Congress Raises Debt Ceiling, with Shifts and Cuts in Student Aid Funding
August 03, 2011
This change affects approximately 1.2 million graduate and professional students a year, slightly more than one-third of all graduate and professional students (35.5%). The impact will be felt disproportionately by professional degree students, with almost three-quarters of law and medical school students receiving subsidized Stafford loans. Of the affected students, about two-thirds are in Master’s degree programs, about a tenth in doctoral degree programs and about a fifth in professional degree programs.
Note that undergraduate subsidized Stafford loans owed by a graduate student do not lose their subsidized interest benefit. In particular, the federal government will still pay the interest on an undergraduate subsidized Stafford loan while the student is enrolled in graduate or professional school. The legislation affects only the availability of subsidized Stafford loans to pay for graduate and professional school starting on July 1, 2012, replacing them with the same amount of unsubsidized Stafford loans.
There isn’t much that graduate and professional students can do to prepare for the elimination of subsidized Stafford loans. Federal student loans are still less expensive than private student loans in the long term. Federal student loans also have better repayment terms, such as income-based repayment and public service loan forgiveness. One option for saving money is to pay the interest on the loans while you are in school, if you can, to avoid interest capitalization.

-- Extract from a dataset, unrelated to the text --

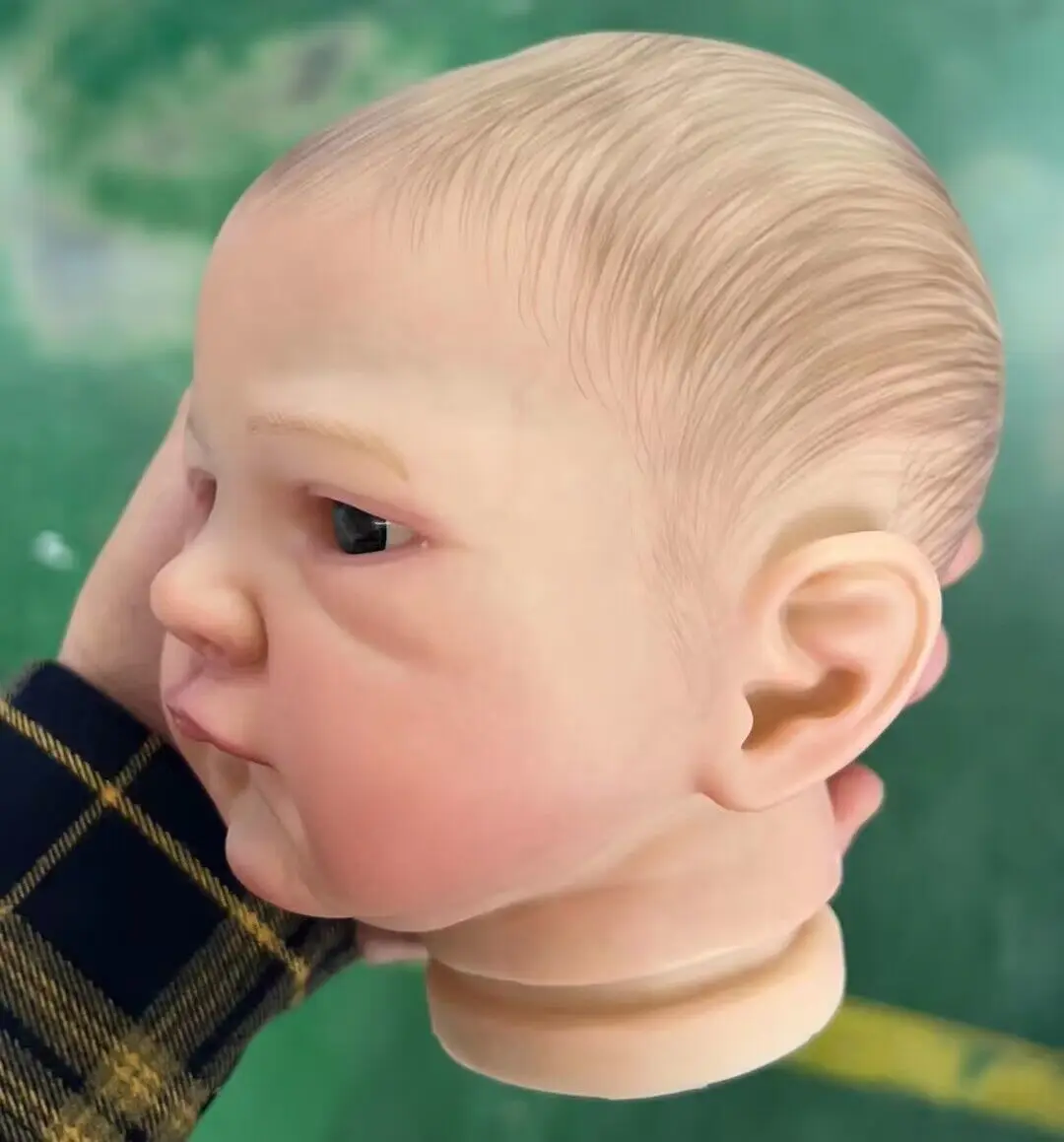 NPK-piezas de muñeca bebé Reborn despierta de agosto, 19 pulgadas, con venas visibles pintadas en 3D y cuerpo de tela incluido, juguete coleccionable para adultos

Elimination of Prompt Payment Discounts
Previously, borrowers in the Direct Loan program could get two discounts. The first discount rebates half of the 1% loan fee for borrowers who make the first 12 payments on time. The second discount is a 0.25% interest rate reduction for borrowers who have their monthly loan payments withdrawn automatically from their bank accounts. The prompt payment discount will be eliminated for new loans starting on July 1, 2012, while the auto-debit discount will be retained. These changes apply to all borrowers of new federal education loans, including undergraduate Stafford loans, Parent PLUS loans, graduate and professional student Stafford loans, Grad PLUS loans and consolidation loans.
Historically, less than a fifth of Stafford loan borrowers have received prompt payment discounts. Consolidation loan borrowers were much more likely to receive the rebate, with about half receiving the discount.
Pell Grant Program Still at Risk of Cuts
Even though the debt deal devotes $17 billion to reducing a funding shortfall in the Pell Grant program and preserves the $5,550 maximum Pell Grant, the Pell Grant program remains at risk of cuts. The Pell Grant program is still left with a $1.3 billion funding shortfall in FY2012 and will probably suffer from funding shortfalls in subsequent years.
To address the remaining funding shortfall, Congress must either appropriate additional money for the Pell Grant program or make further cuts in student aid spending. The most likely scenario involves changing the eligibility requirements for the Pell Grant program, such as reducing the eligibility from 18 semesters to 12 and requiring at least half-time enrollment. Congress is unlikely to cut the maximum Pell Grant.